Notes on Kohlberg’s Stages of Moral Development

I tell you, no virtue can exist without breaking these ten commandments;

Jesus was all virtue, and acted from impulse: not from rules.

William Blake, The Marriage of Heaven and Hell


Is it the case that what we call justice is right because the Gods love it, or do the Gods love it because it is right?

Socrates, in Plato’s Euthyphro



In this paper I want to explore a somewhat reductive sketch [see Table 1, below] of Lawrence Kohlberg’s popular six-stage theory of moral development, this time with reference to literature (chiefly Shakespeare and some Classical Greek texts). I'll proceed stage-by-stage, attempting briefly to say something true and perhaps non-obvious about each one; in so doing, I'm aware that Kohlberg’s actual text is receiving less than the full attention it deserves. These are notes.

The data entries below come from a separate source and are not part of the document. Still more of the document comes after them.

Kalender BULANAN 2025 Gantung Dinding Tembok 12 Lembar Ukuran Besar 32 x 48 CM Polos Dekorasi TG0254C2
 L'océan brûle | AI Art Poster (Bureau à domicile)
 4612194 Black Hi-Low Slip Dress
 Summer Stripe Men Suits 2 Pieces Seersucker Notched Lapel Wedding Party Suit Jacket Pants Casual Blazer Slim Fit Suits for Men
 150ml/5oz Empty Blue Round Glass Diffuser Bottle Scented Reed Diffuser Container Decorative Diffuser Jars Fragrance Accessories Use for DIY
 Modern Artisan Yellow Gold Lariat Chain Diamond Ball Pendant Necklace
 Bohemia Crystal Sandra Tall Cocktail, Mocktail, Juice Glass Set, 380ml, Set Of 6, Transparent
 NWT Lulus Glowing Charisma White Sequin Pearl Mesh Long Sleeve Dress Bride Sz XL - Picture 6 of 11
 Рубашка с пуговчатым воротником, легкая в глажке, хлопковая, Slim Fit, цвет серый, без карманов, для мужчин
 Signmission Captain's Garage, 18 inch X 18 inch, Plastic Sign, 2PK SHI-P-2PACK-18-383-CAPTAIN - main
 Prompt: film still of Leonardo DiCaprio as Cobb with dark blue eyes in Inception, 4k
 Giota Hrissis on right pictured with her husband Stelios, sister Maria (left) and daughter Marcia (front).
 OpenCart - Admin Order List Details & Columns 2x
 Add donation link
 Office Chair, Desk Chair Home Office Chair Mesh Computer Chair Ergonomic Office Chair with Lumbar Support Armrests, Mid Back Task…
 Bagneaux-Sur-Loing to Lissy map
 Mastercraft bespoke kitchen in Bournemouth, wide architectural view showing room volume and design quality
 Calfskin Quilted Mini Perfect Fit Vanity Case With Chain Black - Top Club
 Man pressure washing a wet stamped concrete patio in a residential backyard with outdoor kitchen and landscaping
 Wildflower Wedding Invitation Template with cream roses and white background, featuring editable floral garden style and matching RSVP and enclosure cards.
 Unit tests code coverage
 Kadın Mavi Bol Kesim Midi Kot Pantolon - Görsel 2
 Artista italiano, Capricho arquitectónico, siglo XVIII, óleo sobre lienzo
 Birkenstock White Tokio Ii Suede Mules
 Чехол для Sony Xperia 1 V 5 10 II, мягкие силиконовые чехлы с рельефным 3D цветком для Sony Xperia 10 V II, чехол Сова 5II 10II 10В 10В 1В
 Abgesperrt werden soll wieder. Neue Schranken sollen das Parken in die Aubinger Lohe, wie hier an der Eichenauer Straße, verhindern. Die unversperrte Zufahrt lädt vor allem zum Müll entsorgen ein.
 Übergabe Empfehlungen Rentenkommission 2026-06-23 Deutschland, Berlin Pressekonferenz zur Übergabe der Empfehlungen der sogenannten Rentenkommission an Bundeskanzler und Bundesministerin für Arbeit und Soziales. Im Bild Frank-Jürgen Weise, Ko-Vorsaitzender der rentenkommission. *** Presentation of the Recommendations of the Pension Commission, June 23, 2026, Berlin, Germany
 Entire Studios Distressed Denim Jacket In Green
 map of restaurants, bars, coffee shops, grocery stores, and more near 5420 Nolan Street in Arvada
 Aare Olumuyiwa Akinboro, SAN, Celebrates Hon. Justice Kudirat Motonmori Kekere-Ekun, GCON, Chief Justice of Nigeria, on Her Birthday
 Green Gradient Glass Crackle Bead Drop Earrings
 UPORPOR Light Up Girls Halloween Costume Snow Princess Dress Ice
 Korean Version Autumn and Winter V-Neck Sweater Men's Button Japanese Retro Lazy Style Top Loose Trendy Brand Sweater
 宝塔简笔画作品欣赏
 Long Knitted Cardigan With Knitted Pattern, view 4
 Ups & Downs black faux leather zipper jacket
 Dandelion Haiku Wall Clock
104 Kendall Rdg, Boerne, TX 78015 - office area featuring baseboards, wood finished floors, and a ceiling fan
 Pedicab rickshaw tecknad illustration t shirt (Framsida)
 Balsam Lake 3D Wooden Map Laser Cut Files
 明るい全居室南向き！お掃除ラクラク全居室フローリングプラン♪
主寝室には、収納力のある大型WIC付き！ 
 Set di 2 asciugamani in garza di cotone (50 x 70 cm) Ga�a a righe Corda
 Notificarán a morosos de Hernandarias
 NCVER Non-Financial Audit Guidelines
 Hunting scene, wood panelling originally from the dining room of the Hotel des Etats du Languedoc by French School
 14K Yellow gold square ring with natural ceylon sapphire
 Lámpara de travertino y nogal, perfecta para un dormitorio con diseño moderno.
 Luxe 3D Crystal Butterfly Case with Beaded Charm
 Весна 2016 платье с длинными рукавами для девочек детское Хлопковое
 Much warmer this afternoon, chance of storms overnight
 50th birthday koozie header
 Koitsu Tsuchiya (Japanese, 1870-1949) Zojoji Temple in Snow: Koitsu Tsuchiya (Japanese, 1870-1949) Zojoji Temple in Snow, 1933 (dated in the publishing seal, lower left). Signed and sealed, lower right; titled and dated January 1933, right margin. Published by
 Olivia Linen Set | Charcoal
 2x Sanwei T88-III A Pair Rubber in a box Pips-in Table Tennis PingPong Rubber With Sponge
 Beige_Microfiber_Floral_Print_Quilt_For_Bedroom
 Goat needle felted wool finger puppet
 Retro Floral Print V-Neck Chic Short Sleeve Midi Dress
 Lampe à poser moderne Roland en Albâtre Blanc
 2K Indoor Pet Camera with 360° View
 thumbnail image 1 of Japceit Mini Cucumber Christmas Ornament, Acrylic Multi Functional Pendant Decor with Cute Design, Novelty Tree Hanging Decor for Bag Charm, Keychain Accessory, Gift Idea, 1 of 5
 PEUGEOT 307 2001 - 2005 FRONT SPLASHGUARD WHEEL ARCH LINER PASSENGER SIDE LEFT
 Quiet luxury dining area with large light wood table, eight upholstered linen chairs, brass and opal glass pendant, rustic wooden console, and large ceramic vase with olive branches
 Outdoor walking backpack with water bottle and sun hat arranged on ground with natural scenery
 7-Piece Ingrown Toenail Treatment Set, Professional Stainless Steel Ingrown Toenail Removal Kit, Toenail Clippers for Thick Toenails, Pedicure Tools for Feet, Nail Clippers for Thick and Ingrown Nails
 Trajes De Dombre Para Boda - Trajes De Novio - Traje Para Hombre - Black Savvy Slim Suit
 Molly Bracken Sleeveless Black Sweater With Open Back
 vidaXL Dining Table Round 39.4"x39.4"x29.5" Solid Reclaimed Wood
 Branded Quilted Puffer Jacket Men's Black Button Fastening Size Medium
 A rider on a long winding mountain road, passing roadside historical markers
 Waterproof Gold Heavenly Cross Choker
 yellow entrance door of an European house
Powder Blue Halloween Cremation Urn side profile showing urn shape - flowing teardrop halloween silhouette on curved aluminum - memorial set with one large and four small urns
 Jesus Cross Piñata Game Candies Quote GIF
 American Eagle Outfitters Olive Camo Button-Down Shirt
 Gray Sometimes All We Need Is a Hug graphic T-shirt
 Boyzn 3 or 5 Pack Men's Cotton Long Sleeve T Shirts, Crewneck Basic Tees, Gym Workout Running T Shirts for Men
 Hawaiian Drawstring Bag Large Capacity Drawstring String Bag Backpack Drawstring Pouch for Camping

Like the other stages, Kohlberg’s “trouble-avoidant obedience and punishment orientation” has been observed in young children and in some adults, so it’s not a fiction. Yet, in its lack of affective color or interiority, the notion of this first stage seems like an artifact of the behaviorist period, when B.F. Skinner regarded human action as the product of unknowable (“black box”) processes in which he claimed to be uninterested. In other words, something about this form of life seems not merely “pre-conventional” but even pre-human because, in its ugly simplicity, it suggests a lone automaton, like a reptile in the desert—not a primate enmeshed in a web of social relationships. For a self without empathy or other forms of identification, the “ superior power” to whom he or she defers might as well be the Sun, a God, or a monster.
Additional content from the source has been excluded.